Near Kodai kanal, about 8 kilometers prior, you see this Silver Cascade waterfall. The month being march, the waterfall was very thin, but yet, there it was.
Here we saw that God too has fitted an HID!
We landed in Kodai kanal at about 5.00 P.M.
Our past experience of hotels told us to hunt for hotels ourselves, and not pay attention to agents shouting at us ‘Saar, hotel?’ But Kodaikanal proved to be an exception to this rule. Firstly the roads were confusing. We couldn’t judge where we were or how we ended up on a particular road at all. Though we had the map of Kodai, as the roads go in multiple levels in same direction, it was very hard for a first timer to find his way around. Another thing was, all the good hotels had only one day availability, and we were running out of hotel options real fast.
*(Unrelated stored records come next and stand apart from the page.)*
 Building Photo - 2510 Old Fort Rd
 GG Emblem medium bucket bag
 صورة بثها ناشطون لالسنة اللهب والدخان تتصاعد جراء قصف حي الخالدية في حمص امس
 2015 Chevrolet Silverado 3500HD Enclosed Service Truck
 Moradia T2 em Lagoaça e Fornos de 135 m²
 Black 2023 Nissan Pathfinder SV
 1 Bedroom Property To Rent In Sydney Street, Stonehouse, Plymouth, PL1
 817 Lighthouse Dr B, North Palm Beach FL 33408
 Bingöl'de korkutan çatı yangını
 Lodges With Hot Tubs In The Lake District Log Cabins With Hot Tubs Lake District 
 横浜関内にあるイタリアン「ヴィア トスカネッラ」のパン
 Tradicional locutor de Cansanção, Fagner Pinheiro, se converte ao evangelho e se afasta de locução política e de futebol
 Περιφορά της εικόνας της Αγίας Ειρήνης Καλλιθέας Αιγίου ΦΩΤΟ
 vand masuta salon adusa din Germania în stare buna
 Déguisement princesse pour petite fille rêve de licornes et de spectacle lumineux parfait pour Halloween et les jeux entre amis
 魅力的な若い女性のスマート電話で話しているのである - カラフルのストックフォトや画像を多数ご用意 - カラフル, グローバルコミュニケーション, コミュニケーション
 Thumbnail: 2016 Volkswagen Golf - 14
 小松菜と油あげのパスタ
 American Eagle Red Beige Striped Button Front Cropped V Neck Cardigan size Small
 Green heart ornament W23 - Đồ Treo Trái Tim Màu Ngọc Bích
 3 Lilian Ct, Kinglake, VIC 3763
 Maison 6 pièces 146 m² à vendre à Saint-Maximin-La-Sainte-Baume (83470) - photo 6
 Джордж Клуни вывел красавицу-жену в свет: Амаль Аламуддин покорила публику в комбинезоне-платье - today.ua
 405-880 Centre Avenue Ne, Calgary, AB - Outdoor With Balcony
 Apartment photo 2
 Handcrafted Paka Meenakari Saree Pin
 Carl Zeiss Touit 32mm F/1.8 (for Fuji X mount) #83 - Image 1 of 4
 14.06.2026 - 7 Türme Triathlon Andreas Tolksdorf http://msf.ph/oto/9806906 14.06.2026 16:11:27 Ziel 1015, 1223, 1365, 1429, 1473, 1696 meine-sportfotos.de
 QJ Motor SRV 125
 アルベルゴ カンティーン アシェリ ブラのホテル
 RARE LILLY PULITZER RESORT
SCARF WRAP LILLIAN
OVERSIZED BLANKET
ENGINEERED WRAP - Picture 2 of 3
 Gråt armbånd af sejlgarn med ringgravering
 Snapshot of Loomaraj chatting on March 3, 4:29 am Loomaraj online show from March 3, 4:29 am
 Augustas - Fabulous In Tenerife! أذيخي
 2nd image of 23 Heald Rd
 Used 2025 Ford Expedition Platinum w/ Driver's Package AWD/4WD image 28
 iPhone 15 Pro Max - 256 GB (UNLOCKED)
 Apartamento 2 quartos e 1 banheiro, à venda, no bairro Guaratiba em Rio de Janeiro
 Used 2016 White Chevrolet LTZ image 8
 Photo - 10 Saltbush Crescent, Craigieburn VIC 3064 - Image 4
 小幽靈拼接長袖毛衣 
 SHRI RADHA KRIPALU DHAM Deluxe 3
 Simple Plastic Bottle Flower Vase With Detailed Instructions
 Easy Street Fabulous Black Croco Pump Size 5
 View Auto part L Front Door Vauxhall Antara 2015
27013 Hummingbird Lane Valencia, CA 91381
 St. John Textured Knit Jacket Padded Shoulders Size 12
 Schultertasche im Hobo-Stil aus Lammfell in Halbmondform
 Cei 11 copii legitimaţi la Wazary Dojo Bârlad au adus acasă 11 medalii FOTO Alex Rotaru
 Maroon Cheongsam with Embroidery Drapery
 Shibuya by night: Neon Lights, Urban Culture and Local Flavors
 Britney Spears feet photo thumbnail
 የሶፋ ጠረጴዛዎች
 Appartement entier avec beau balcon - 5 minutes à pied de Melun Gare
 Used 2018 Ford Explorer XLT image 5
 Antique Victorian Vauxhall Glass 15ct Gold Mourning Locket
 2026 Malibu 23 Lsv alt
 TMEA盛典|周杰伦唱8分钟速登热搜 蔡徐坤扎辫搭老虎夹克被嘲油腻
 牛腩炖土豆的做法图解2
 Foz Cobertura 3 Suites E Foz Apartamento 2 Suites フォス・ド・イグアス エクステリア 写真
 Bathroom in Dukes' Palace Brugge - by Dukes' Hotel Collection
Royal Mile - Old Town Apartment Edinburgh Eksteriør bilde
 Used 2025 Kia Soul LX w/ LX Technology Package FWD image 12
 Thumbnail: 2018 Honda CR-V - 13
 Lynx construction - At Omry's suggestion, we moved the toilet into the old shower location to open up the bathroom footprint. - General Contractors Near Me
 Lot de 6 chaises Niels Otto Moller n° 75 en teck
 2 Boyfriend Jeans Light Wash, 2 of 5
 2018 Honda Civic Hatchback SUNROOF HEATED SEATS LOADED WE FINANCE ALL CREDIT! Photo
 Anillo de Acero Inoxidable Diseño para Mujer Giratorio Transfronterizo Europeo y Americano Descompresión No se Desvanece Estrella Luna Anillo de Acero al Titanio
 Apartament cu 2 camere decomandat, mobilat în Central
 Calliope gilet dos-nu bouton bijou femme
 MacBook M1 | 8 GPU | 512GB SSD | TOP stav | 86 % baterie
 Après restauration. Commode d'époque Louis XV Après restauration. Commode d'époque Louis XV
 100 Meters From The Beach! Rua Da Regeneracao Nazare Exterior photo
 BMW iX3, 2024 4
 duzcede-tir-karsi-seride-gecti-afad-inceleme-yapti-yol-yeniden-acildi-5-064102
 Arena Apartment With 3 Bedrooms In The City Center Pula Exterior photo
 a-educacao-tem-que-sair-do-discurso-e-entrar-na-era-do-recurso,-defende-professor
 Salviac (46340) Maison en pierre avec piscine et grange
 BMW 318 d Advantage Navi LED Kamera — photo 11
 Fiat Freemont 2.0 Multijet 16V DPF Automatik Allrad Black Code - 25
Finally we decided to give chance to an agent. He took us to such a horrible hotel, I still ache thinking about it. The road to the hotel was 45 degrees, and this is absolutely no exaggeration. A loaded bike with luggage, and two tired individuals, the incline was not welcoming at all. Besides calling that thing a hotel would be a joke. Nandinee climbed down by foot from the ‘hotel’, as I rolled Vesta down in first gear with utmost caution.
Again we tried in vein for hotels, but no avail. The sun was beginning to bid us good bye, and yet we were searching frantically for a good place to stay. The situation was fast becoming tense, and I certainly did not wish to be roaming around for hotels in night. So we caught hold of another agent. Luckily he turned out to be one of the better ones. We checked a few hotels, and finalized on one named ‘Sun Rise hotel’. Value for money wise, this was the worst deal in hotel. The charges were of normal hotels, but the service sucked to the core. The towels were so dirty, I suspected their previous lives would involve role of a door rag. The lesser said about the bathroom, the better. We hoped for a cover on our head for the night, and the room barely qualified for that. After a hurried dinner, we were glad to throw ourselves on bed after the exhausting search for stay.
Kodaikanal was pretty cold. As we were moving up from the lands to the hills, we felt it was too cold for summer, and wondered the brevity of souls who come here in winters. At night, we felt this was a proper, textbook hill station. Not some pseudo hill station which is in reality a part of town converted for tourists, but a proper hill station that they show in movies, with happy faces of multi national tourists loitering around, and whole India’s shops, from Kashmir silks to Kerala saris, located on one street. We were eager to explore this place that we had heard so much of.